YOUR OBJECTIVE
Retype the line where "Полотенце YOTSUBA Classik" appears and each line that follows it down to the last line of the records below. Leave the pictures out.
+-------+
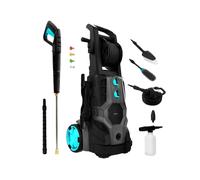 Cecotec Hidrolimpiadora de Alta Presión HydroBoost 3200 TotalClean, 3200 W, Motor Brushless, Hogar, Jardín o Coche, Caudal 540 l/h, Presión 225 bares, Bomba de aluminio, Radio de acción 14 m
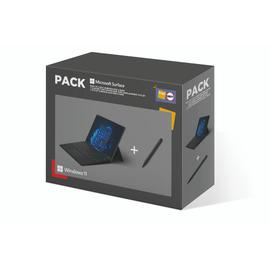 PC Hybride / PC 2 en 1 Microsoft Pack Pc 2 en 1 surface pro 9 Noir + clavier + stylet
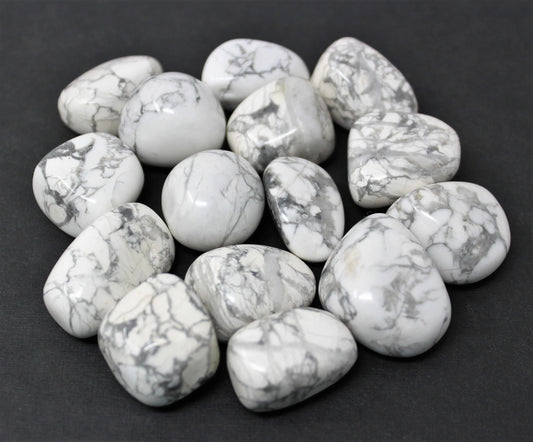 Howlite Tumbled Stones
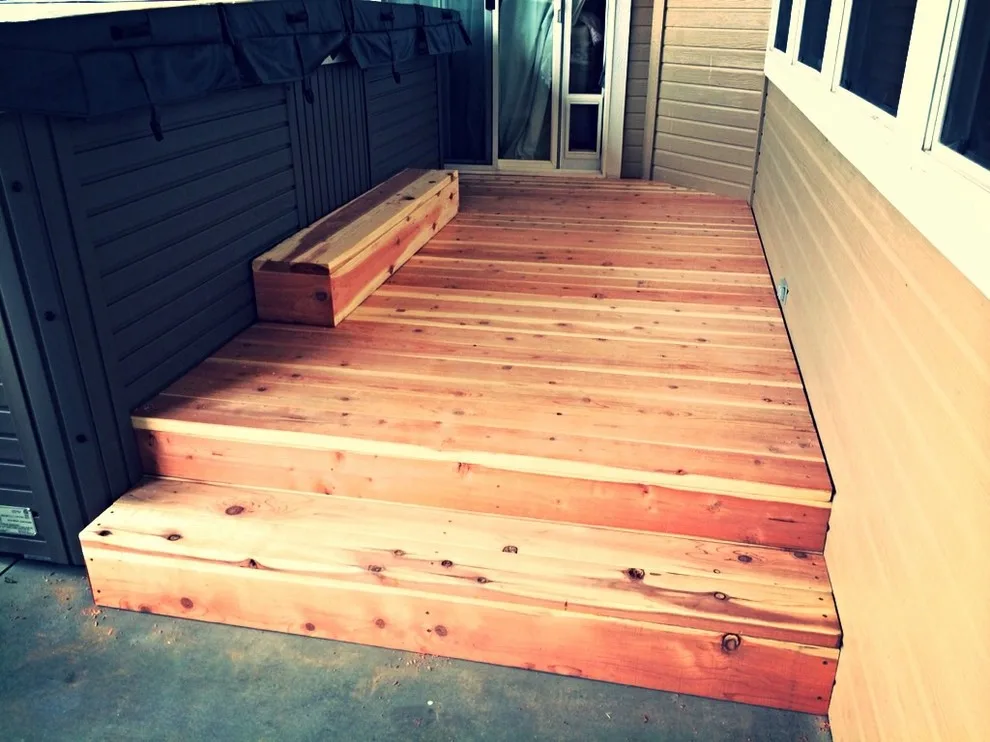 Carpentry Projects: Deck Construction, Library Shelf Creation, and Crown Molding Installation by Icon Construction & Remodeling - Photo 3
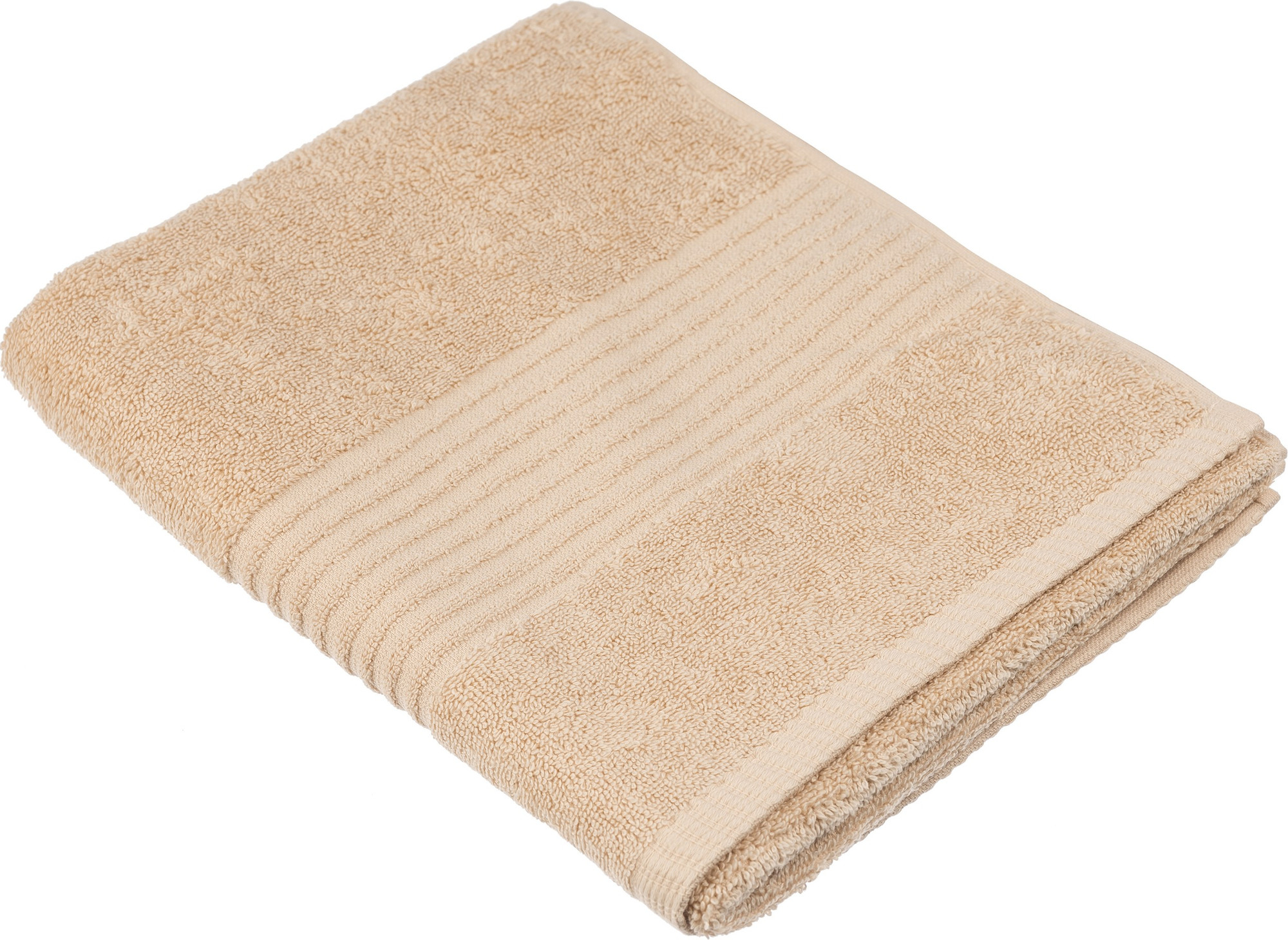 Полотенце YOTSUBA Classik 05038 Махра 50x90 500г (бежевый)
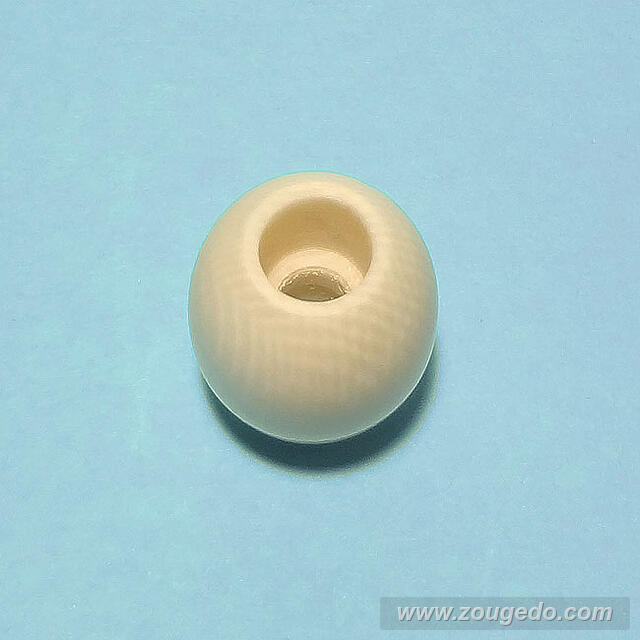 【本象牙】紐止め（大・段付き穴）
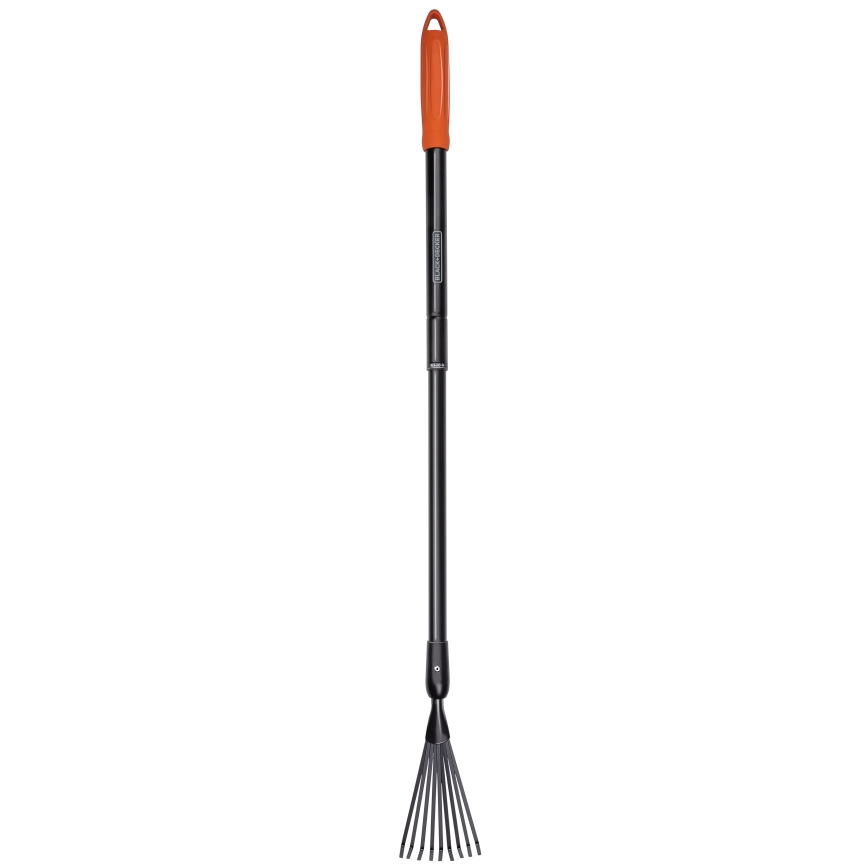 BLACK+DECKER - Teleskopinis grėblys 77-110 cm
+-------+
ANSWER SPACE
 Полотенце YOTSUBA Classik 05038 Махра 50x90 500г (бежевый)
 【本象牙】紐止め（大・段付き穴）
 BLACK+DECKER - Teleskopinis grėblys 77-110 cm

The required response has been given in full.